*TASK MATERIAL*:
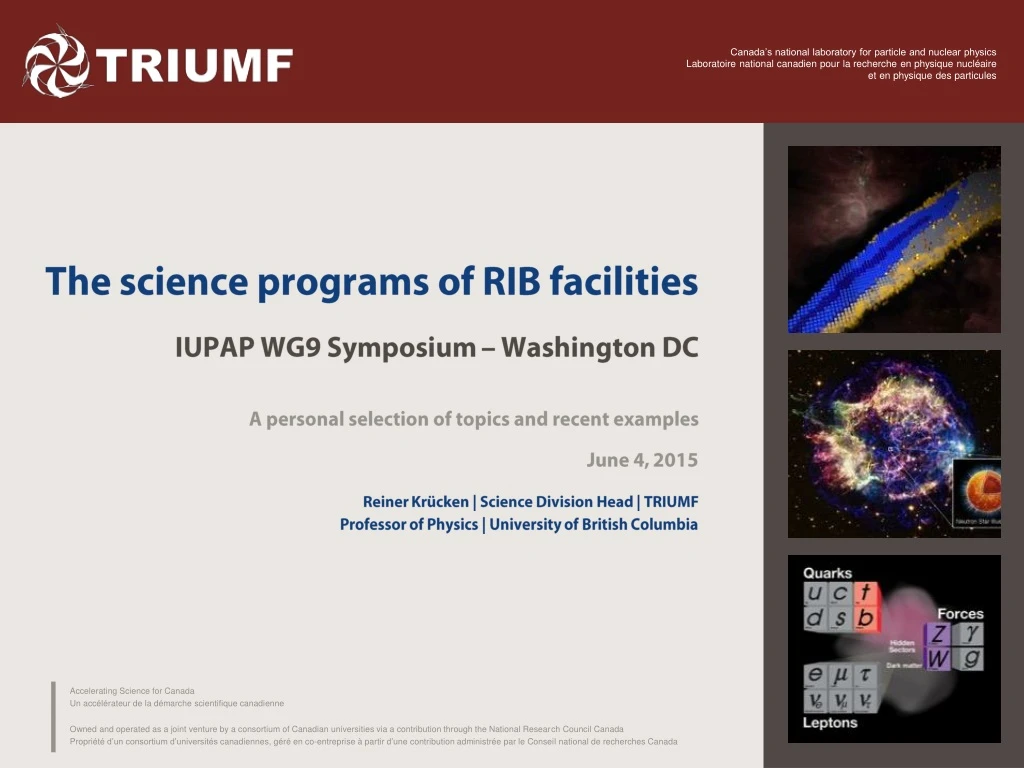 the science programs of rib facilities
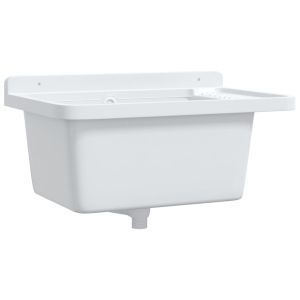 vidaXL fregadero utilitario de pared resina blanco 60x40x28 cm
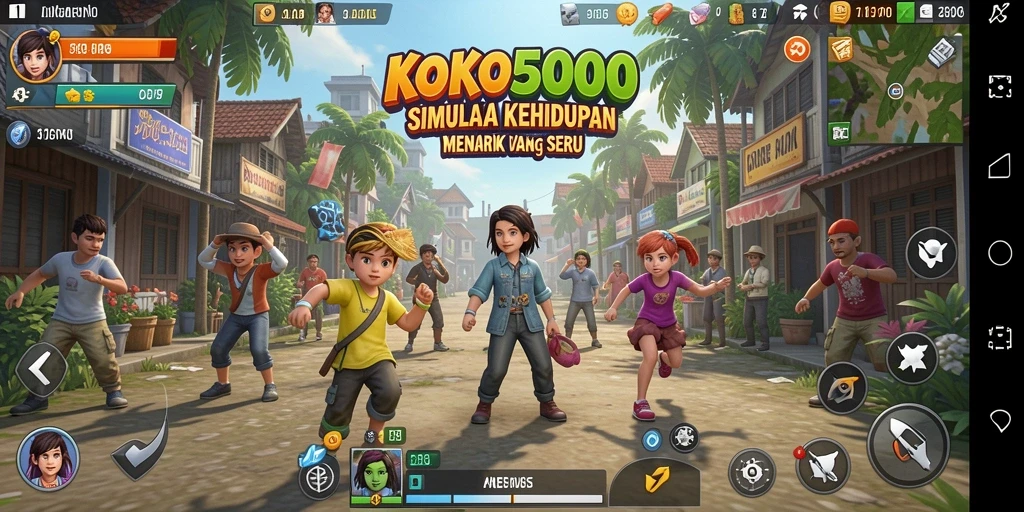 Tampilan gameplay KOKO5000 dengan grafik yang menawan.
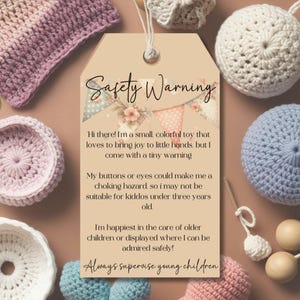 Afdrukbare gehaakte tags veiligheidslabels pdf Handgemaakt gehaakt Breien Veiligheidsinstructies Waarschuwing Onderhoudskaart Amigurumi Safety Eyes Handmade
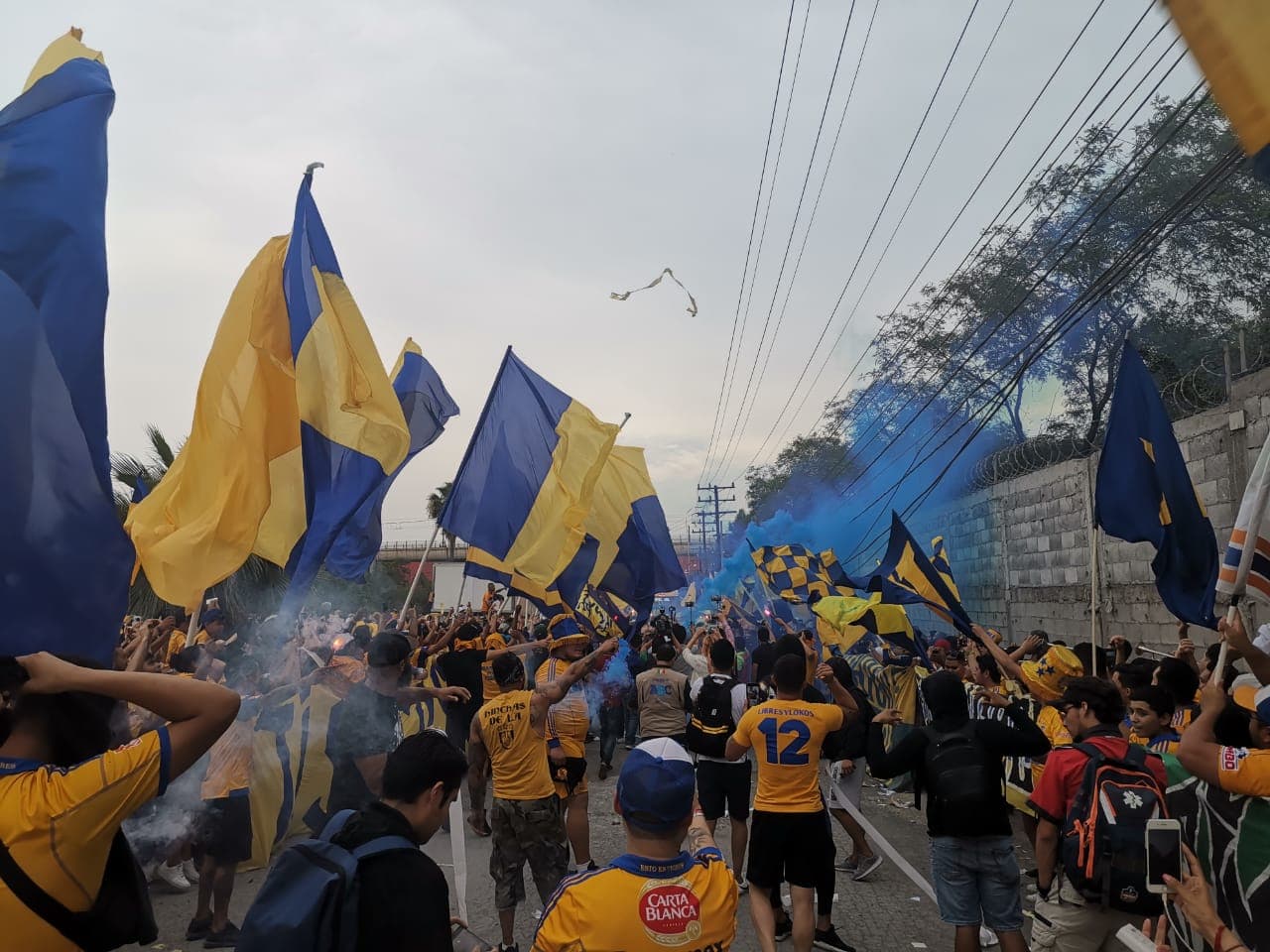 Fantástico ambiente el que crearon los fieles aficionados de los Tigres ante la llegada de su amado equipo a los alrededores del Estadio Universitario. ¡Miren qué colorido!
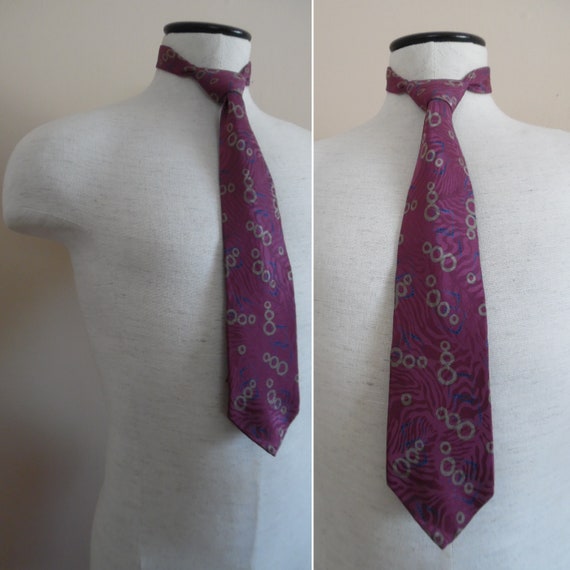 Vintage 1990s Silk Necktie Rick Pallack NecktieLe… - image 1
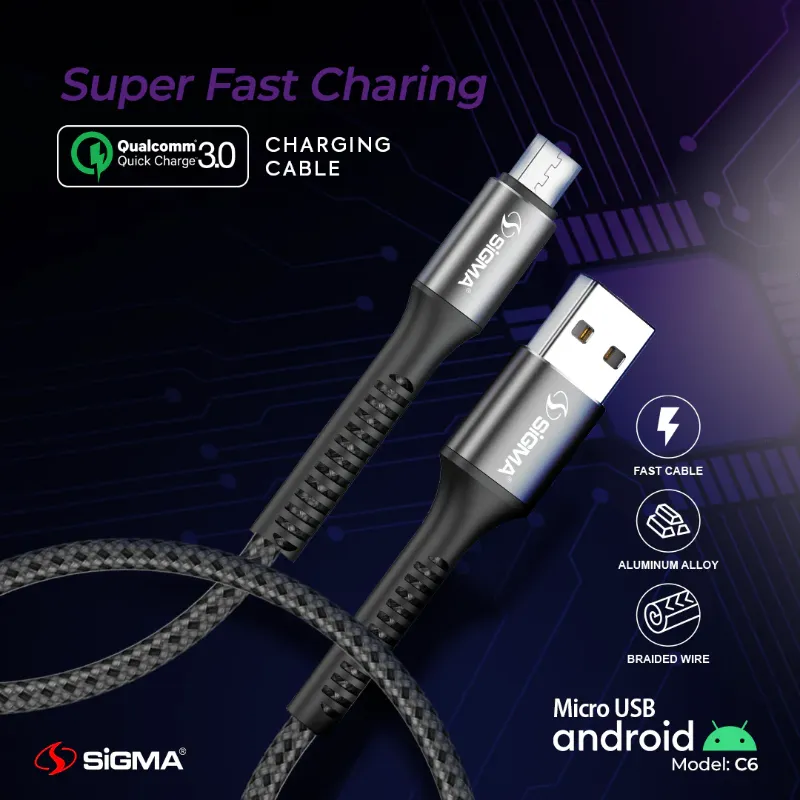 🆔 864 - SiGMA Braided Cable Micro, 3.0A (C6)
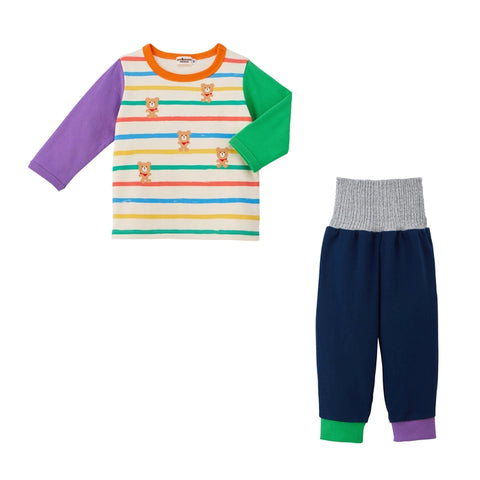 배꼽 랩이있는 긴 소매 잠옷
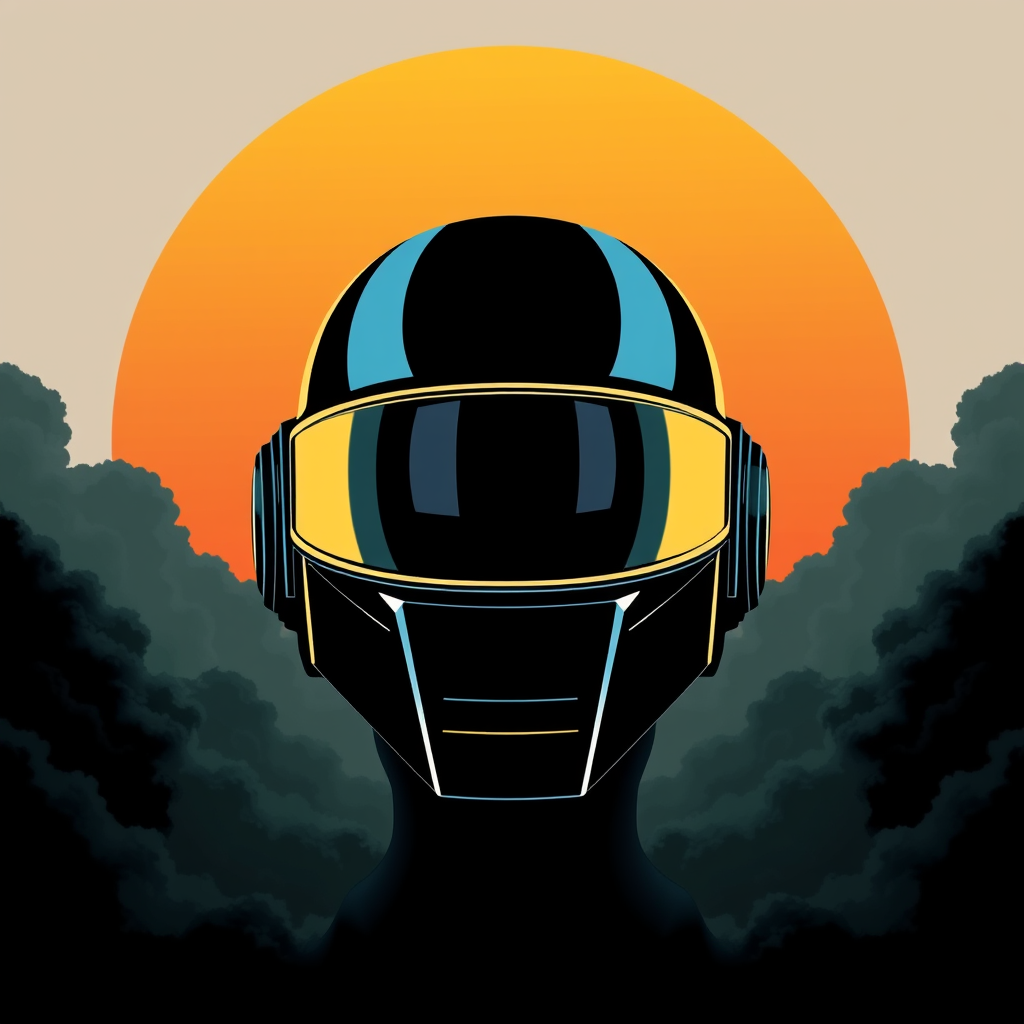 Daft Punk helmet in vector art style for a poster or T-shirt, featuring a large sun-like circle in the background, layered with dark grey clouds and tetradic color. The design includes black canvas, dark teal accents, and a sinister atmosphere, reminiscent of album art and CD cover artwork.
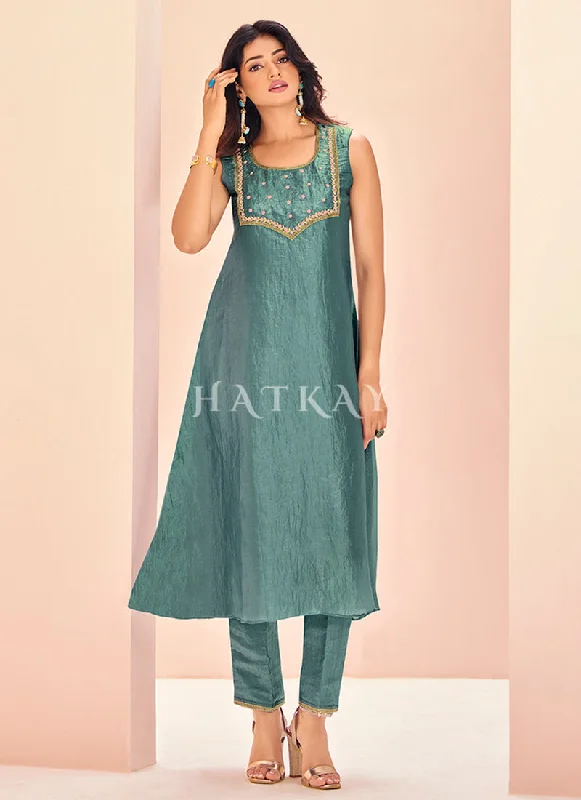 New Arrival Teal Blue Handwork Kurta And Pant Suit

*TASK ITEM*: Please print exactly the lines running from the line with "Daft Punk helmet" through the final line of the material, and nothing more. Keep pictures out.

*THE ANSWER*:
 Daft Punk helmet in vector art style for a poster or T-shirt, featuring a large sun-like circle in the background, layered with dark grey clouds and tetradic color. The design includes black canvas, dark teal accents, and a sinister atmosphere, reminiscent of album art and CD cover artwork.
 New Arrival Teal Blue Handwork Kurta And Pant Suit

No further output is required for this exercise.